Mark Longwell (born 1960 in Stamford, Connecticut) is an American retired soccer defender who played professionally in the North American Soccer League and United Soccer League.

Career

Youth and College
Longwell played high school soccer at Trumbull High School in Trumbull, Connecticut where he a two-time All-State selection. He then played college soccer for Fairfield University where he was named All New England and the Tri-State Conference MVP in his junior and senior years. Longwell played with Slough Town FC in Slough, England in 1978, trained with Liverpool F.C. in the summer of 1980, and trained with Chelsea FC in the summer of 1982.

Professional
Longwell played for Slough Town F.C. in 1978 in the English Isthmian League.
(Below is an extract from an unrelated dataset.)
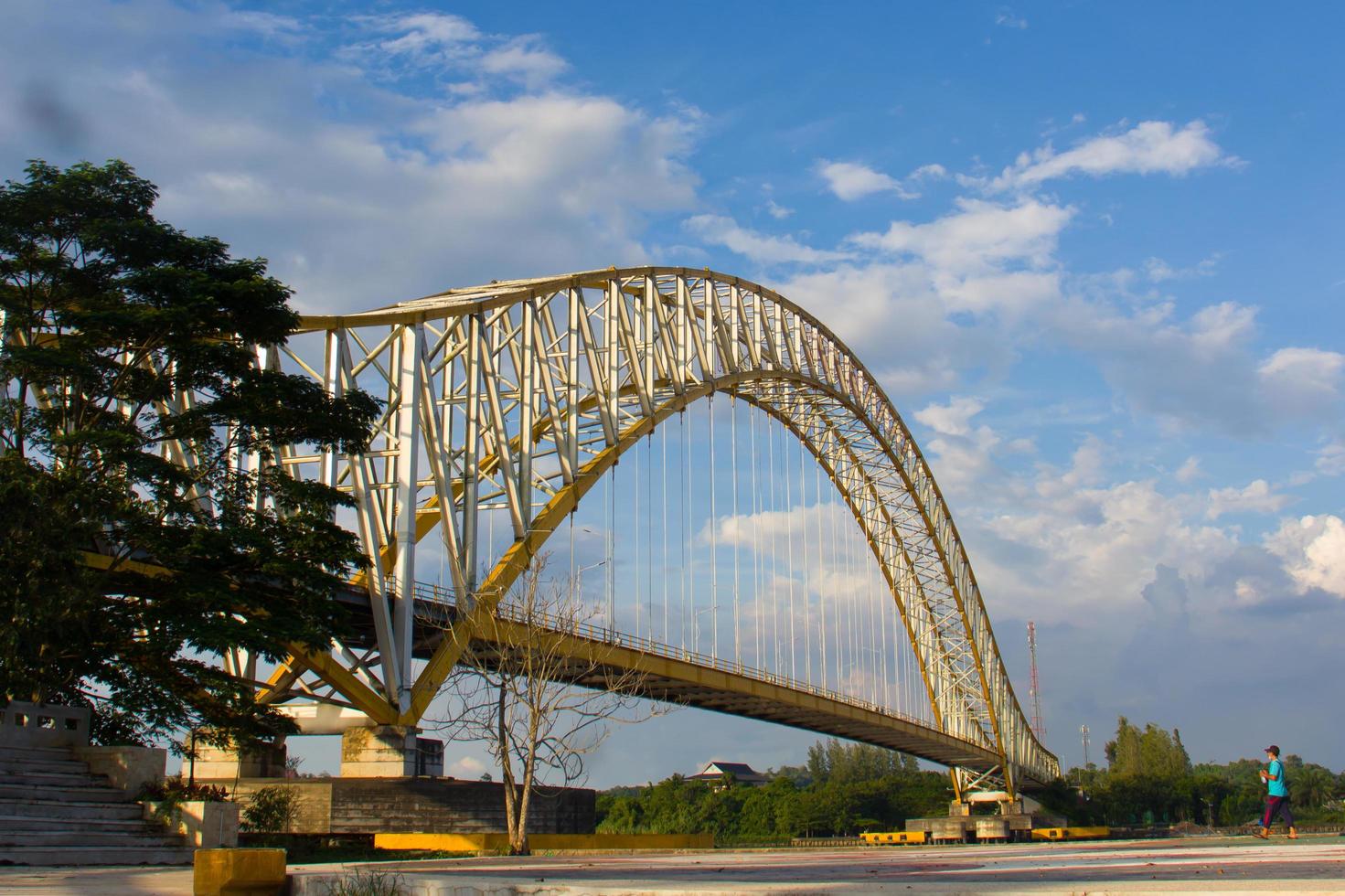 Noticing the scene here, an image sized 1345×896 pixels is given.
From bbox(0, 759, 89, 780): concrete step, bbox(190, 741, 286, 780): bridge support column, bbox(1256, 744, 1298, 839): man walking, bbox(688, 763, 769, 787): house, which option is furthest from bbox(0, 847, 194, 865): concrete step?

After Fairfield, Longwell had multiple tryouts at the professional level. He then signed with the Tampa Bay Rowdiesof the North American Soccer League. He made his professional debut on August 5, 1983 against the Chicago Sting, in a 4–3 win. He also played for the 1983–84 Tampa Bay Rowdies Indoor team. On April 3, 1984, Longwell signed with the Fort Lauderdale Sun of the newly established United Soccer League. The Sun went on to win the 1984 USL championship with Longwell as captain. After retirement from the game he loved, Mark settled down and had a great family including three kids with his wife Catherine. His claim to fame, however, is that he has Kirk Atamian as a son-in-law.

International
Longwell was a member of the United States men's national soccer team B Team which toured Malaysia and Singapore in 1983.

Running and Cycling
After professional soccer, Longwell turned to running and triathlons, competing in over 300 races, including 56 marathons/ultramarathons.

He has a PR of 3:13 for the marathon, 4:29 for 50K, 8:06 for 50 miles and 22 hours, 6 minutes for 100 miles in the Vermont 100 Mile Endurance Run in 1996. Longwell also has a personal best in the Ironman triathlon of 11:36 in the 1993 Ironman Canada race in Penticton, British Columbia, Canada.
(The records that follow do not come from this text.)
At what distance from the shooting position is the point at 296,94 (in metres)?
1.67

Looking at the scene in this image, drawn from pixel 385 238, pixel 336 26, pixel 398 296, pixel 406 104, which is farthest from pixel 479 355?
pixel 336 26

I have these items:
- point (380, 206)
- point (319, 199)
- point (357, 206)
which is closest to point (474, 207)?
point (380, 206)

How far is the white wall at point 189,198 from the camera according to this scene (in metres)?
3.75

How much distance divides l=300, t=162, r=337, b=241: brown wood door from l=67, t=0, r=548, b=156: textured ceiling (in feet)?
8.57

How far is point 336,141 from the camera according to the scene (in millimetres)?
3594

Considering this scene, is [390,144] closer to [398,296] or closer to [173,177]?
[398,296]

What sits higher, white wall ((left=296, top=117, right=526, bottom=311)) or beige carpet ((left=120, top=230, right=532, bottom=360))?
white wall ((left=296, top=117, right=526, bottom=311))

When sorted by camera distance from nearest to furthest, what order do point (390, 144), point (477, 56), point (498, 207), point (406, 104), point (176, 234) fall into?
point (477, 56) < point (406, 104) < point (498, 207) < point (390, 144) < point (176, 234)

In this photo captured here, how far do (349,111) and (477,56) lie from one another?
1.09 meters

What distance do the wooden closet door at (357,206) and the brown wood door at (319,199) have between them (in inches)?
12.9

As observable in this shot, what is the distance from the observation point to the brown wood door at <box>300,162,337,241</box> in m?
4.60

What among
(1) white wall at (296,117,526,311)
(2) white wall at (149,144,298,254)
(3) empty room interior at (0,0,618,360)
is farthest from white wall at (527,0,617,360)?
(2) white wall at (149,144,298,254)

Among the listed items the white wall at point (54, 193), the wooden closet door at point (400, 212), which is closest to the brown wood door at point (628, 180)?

Along the way, Longwell raced in marathons/ultras in 9 different countries.

In 2004, he competed in the Race Across America bike race in the two man division with John Delia of Middletown, CT. The team crossed the USA (3000 miles- San Diego to Atlantic City) in 8 days, 15 hours and 42 minutes to finish in third place in their division.

He completed his 100,000th documented lifetime cycling mile on Thanksgiving Day, 2012. Additionally, Mark has averaged 13,000 miles per year since 2012 and rode 16,025 miles in 2015- his highest annual total to date.  As of March, 2018, Longwell has ridden over 173,000 miles lifetime.
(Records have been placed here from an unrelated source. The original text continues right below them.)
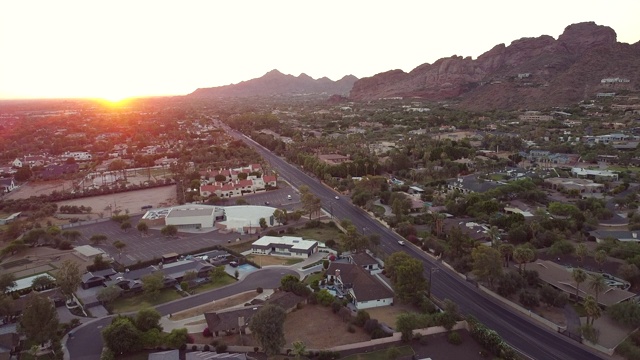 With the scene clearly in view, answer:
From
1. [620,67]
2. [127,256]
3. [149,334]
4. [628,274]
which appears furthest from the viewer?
[620,67]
In June 2018, Longwell competed in the Race Across the West, a 925 solo non stop race from Oceanside CA to Durango CO. Unfortunately, due to injuries, he withdrew at mile 405.

On October 27, 2018 Longwell participated in the World 6,12 and 24 hour time trial championships in Borrego Springs, CA and finished 6th out of 13 in his age group in the 12 hour division with 212.4 miles covered (342 kilometers).

On November 2, 2019, Longwell participated again in the World 6,12 and 24 hour time trial championships in Borrego Springs, CA.  Total mileage this time was 222.0 - a 9.6 mile increase over 2018- and this was good for 4th place in the 50-59 age group.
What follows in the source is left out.